In NLP, popular fixed-length features are **bag-of-words**.

However bag-of-words features have two major weaknesses: 
- they lose the **ordering** of the words.
- they also ignore **semantics** of the words. 

In the paper by **Le & Mikolov (2014)**, they propose a distributed representations of sentences and documents, which they call ** *Paragraph Vector* **. 

The model assumes the ** *Distributional Hypothesis* ** that words are characterized by other words in their vicinity. This idea is used to estimate the probability of two words occurring near each other.

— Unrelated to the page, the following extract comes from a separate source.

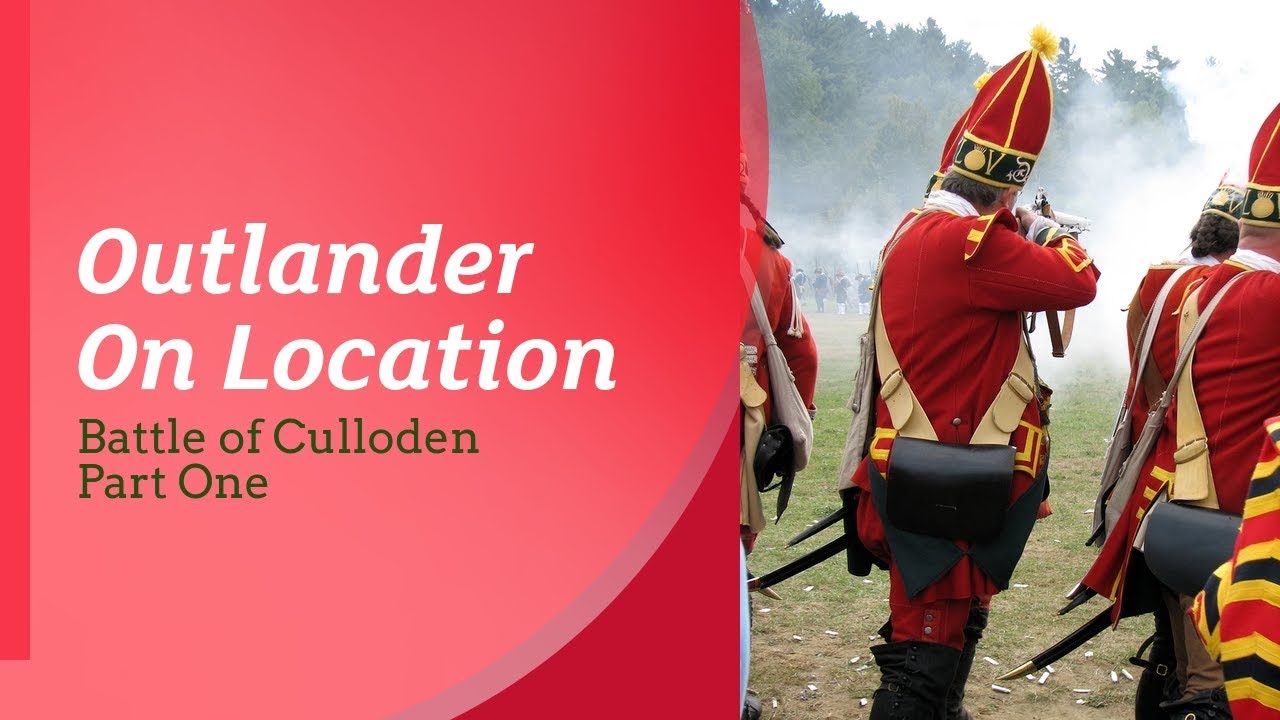 Outlander On Location: Culloden (Part One)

*Paragraph Vector* is an unsupervised algorithm that learns fixed-length feature representations from **variable-length pieces of texts**, such as sentences, paragraphs, and documents. The algorithm represents each document by a dense vector which is trained to predict words in the document. Its construction gives the algorithm the potential to overcome the **weaknesses** of bag-of- words models.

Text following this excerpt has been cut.